Rotana already operates one property in Iraq, the Erbil Rotana, and has three in the pipeline in Karbala, Baghdad and Suleimaniyah. The group also has upcoming developments in Sudan, Syria and Libya, and is eyeing opportunities in Afghanistan, El Zyr reveals.
“We have something now on our table for Afghanistan, but I have to go see [the country] and assess the risk,” he says.
Furthermore, he reveals that the group has signed management contracts for three hotels in Iran, each comprising around 200 rooms and branded under the group’s alcohol-free Rayhaan brand. Two of the properties are located in Tehran and the third, Mashhad Rayhaan, is located around 850km east of Tehran.
“Construction has started. We’ll see the hotels in operation after two or three years,” says El Zyr, adding that the three developments will include mall and residential components.
“Iran has tremendous potential — as much as Iraq or Saudi Arabia; these are the countries that have got potential now,” continues El Zyr.
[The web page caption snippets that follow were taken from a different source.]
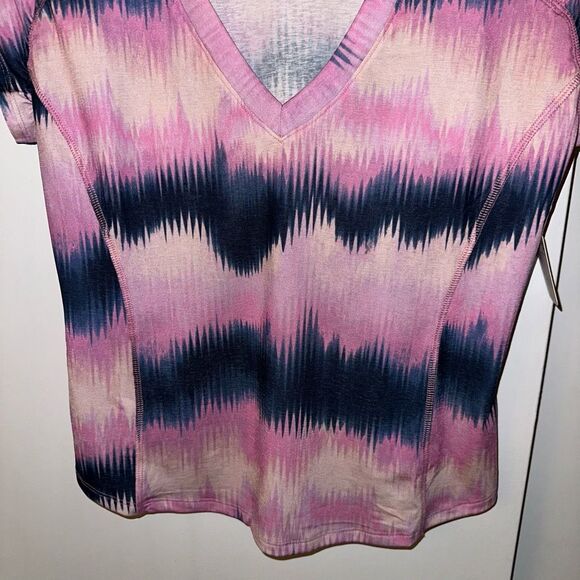 FP Movement Heatwave V Neck Pink Blue Tie Dye Tee Large NWT - Picture 2 of 9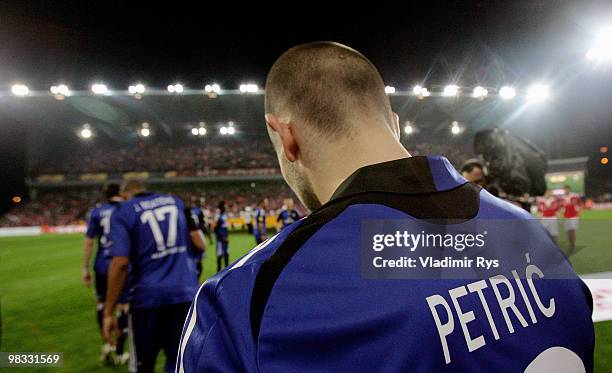 Mladen Petric of Hamburg enters the pitch ahead of the UEFA Europa League quarter final second leg match between Standard Liege and Hamburger SV at...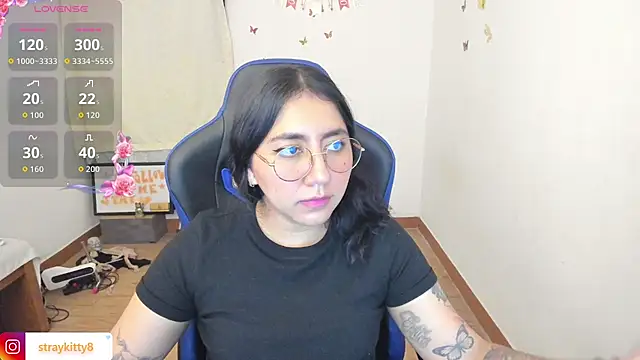 Snapshot of LoveLyy- chatting on July 30, 2026, 12:20 am LoveLyy- online show from July 30, 2026, 12:20 am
“The opportunities are mainly [due to] the lack of construction in the last 20 years. Plus these markets don’t have a lot of stability unfortunately. Today they’re in difficulties politically — Iraq, Iran, Afghanistan — all of these countries have a lot of difficulties so you need operators with guts to go there.”
Risk management
In upholding Rotana’s founding principles, however, El Zyr is not taking any chances.
Having worked for other international hotel companies, including Hilton Worldwide for 12 years, he has always had a clear vision for the group, and how it is managed.
“I remembered the things that were annoying or inefficient [in other companies] and brushed them to one side. The decision-making process is very important because big companies were going through many layers, stopping here and there, with people involved who did not understand the problem, so red tape was the first issue to address when setting up Rotana.
“Second was delivery to the owner. An owner with a hotel costing him $100 million deserves attention, but with the number of hotels global companies are managing today, they cannot give that attention.”
As the company continues to expand, sticking to these objectives is a juggling act between pleasing the owners, the guests and the 10,800 employees.
“You have to balance who to please every minute of the day and this is what makes our position and performance interesting and difficult at the same time. At the time of salary reviews you have to please the employees; when presenting the budget you have to please the owner; and every minute of the day you see a guest, you have to please them so it’s juggling,” he says. But irrespectively, “as the infrastructure grows, the vision gets diluted”.
“The biggest challenge a company has is to make sure the vision of the founders, of the top executives, goes all the way down so they all speak the same language, but it’s extremely challenging because there’ll be someone in between who believes there is a better way of doing things to mess up the whole process,” he explains.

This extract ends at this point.